[Records contained in a dataset]
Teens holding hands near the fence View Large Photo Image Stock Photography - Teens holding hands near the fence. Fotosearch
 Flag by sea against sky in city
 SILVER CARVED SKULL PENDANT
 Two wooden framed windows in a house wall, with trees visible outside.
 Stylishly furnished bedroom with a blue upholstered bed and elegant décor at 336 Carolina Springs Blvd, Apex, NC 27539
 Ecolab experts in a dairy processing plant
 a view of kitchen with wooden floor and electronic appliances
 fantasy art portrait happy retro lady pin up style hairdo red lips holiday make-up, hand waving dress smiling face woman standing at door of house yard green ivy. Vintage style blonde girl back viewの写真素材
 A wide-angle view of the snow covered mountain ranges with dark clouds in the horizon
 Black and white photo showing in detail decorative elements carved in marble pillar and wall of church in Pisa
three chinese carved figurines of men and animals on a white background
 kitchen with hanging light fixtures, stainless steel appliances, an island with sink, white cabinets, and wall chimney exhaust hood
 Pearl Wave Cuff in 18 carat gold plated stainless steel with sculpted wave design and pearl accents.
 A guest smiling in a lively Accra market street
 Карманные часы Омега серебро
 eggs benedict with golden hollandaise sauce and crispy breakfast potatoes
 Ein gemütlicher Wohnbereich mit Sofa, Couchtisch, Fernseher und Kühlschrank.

• [Work instructions]: Your job is to copy out every line from the records above that has the word "kitchen".

• [Answer box]:
 a view of kitchen with wooden floor and electronic appliances
 kitchen with hanging light fixtures, stainless steel appliances, an island with sink, white cabinets, and wall chimney exhaust hood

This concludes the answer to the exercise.